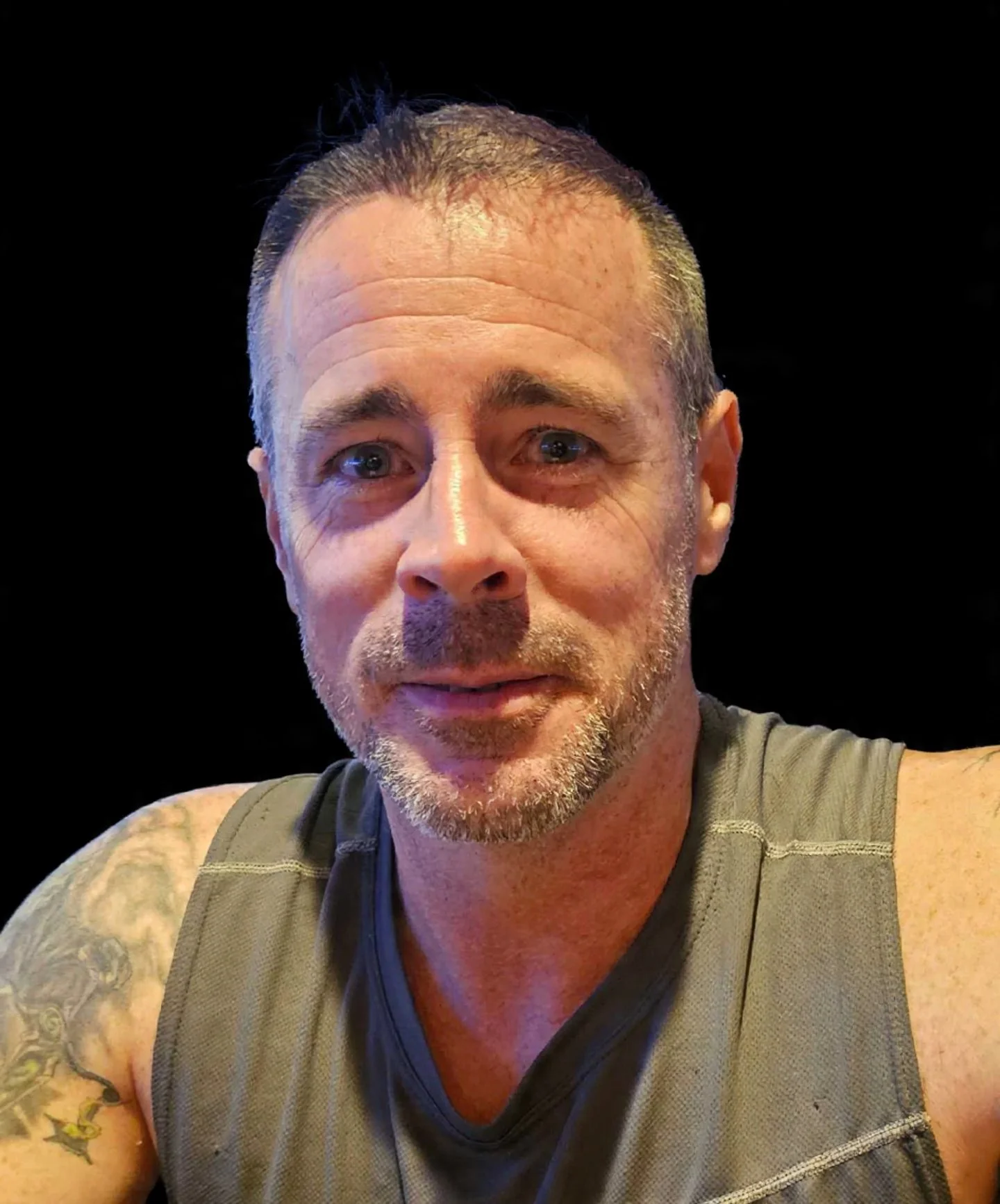 Close-up photo of a middle-aged man with short hair, a beard, wearing a sleeveless shirt, with a tattoo visible on his shoulder, against a black background.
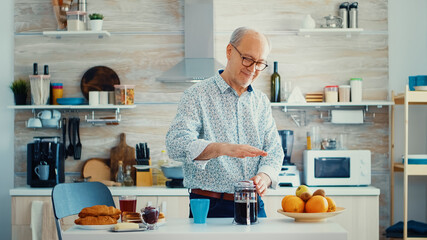 Happy senior man pushing on french press while preparing coffee for breakfast. Elderly person in...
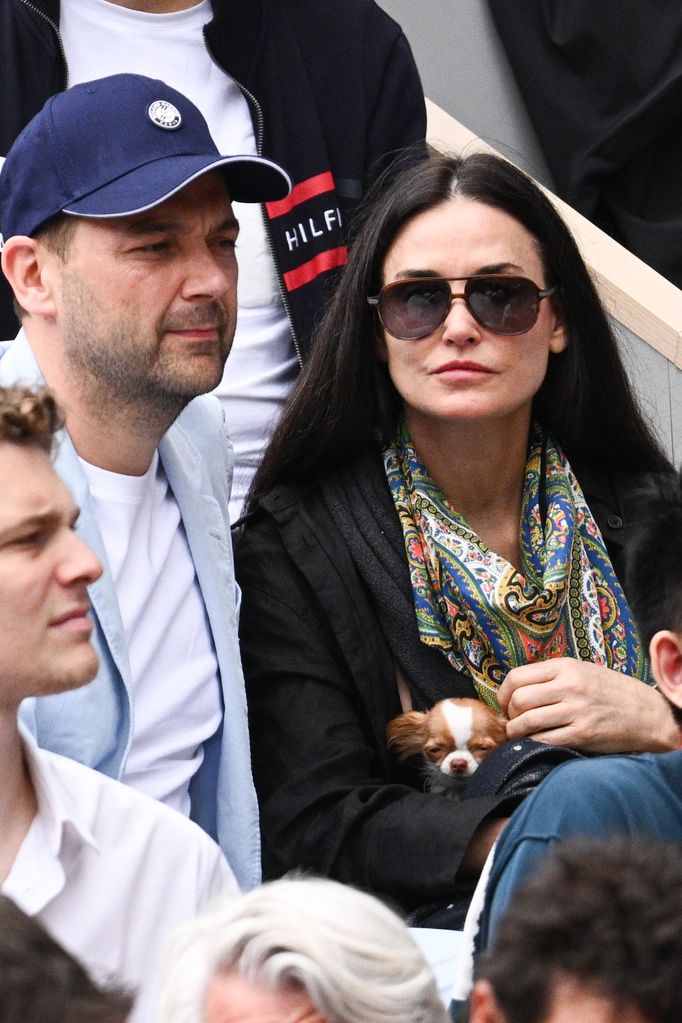 Chef Daniel Humm and Demi Moore with her dog attend the French Open 2022 at Roland Garros on June 05, 2022 in Paris, France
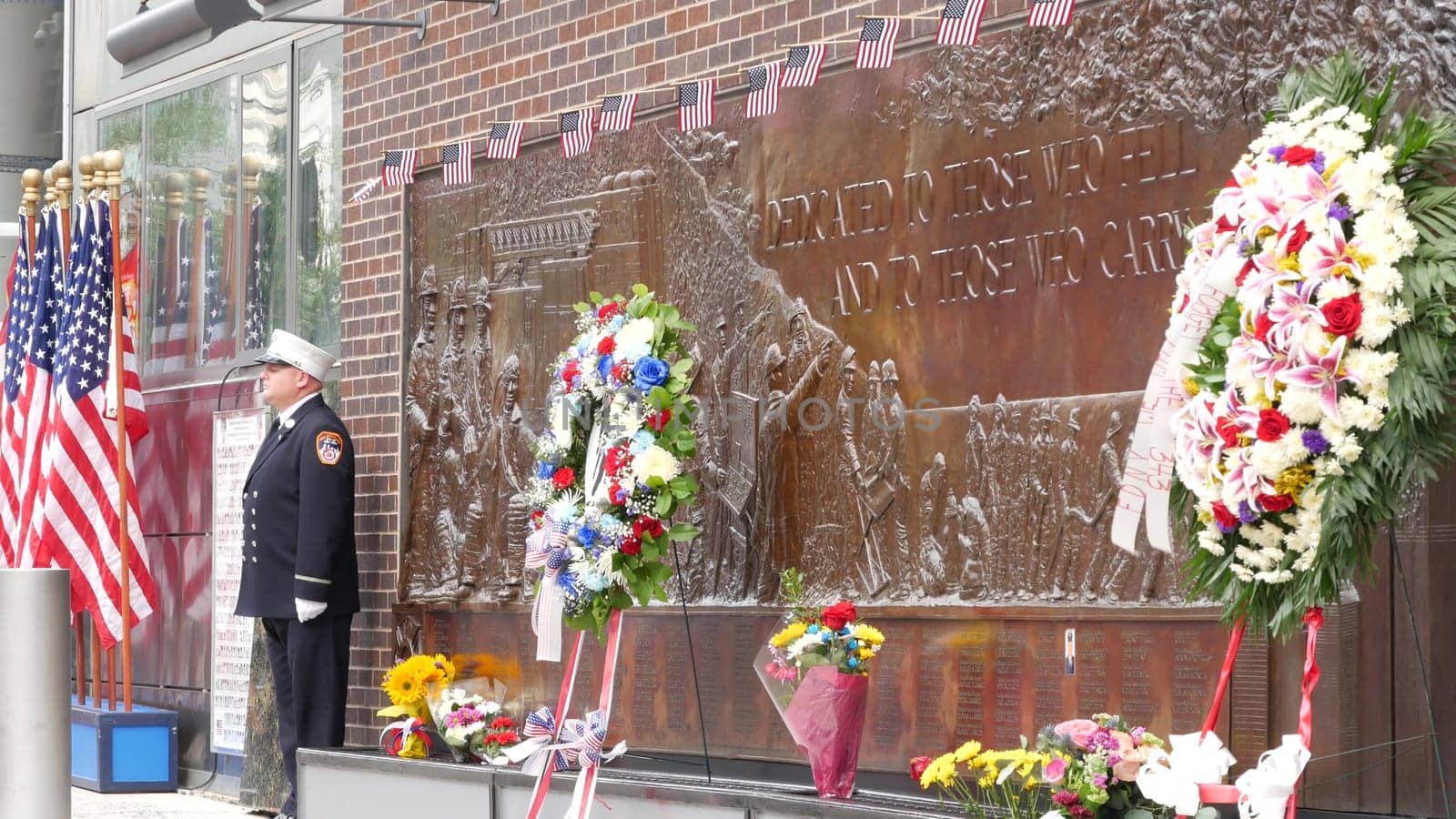 New York City, United States - 11 September 2023: Firefighters celebrate Patriot Day. Guard honoring 911, Memorial wall, FDNY commemorate anniversary. Fire Depart Station, Manhattan 10 Ten Firehouse.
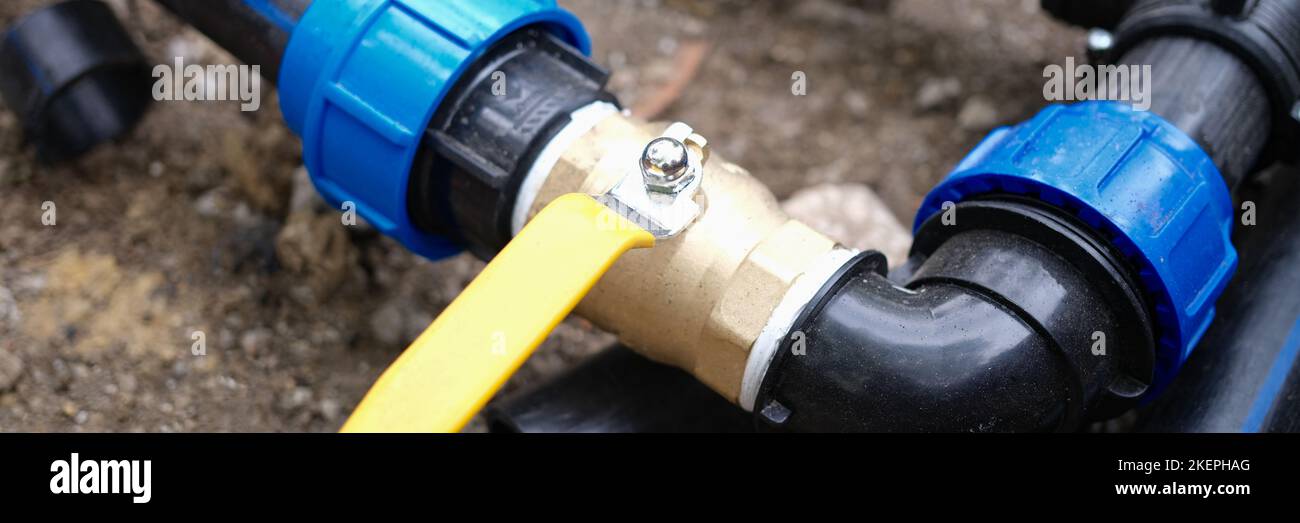 Water pipe connector with faucet closeup for watering plants in garden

■ ■ ■

» **Work request**: Give back the exact lines above, running from the one that has "Happy senior man" through the one that has "Chef Daniel Humm", with nothing added and no pictures.

» **Answer to this task**:
 Happy senior man pushing on french press while preparing coffee for breakfast. Elderly person in...
 Chef Daniel Humm and Demi Moore with her dog attend the French Open 2022 at Roland Garros on June 05, 2022 in Paris, France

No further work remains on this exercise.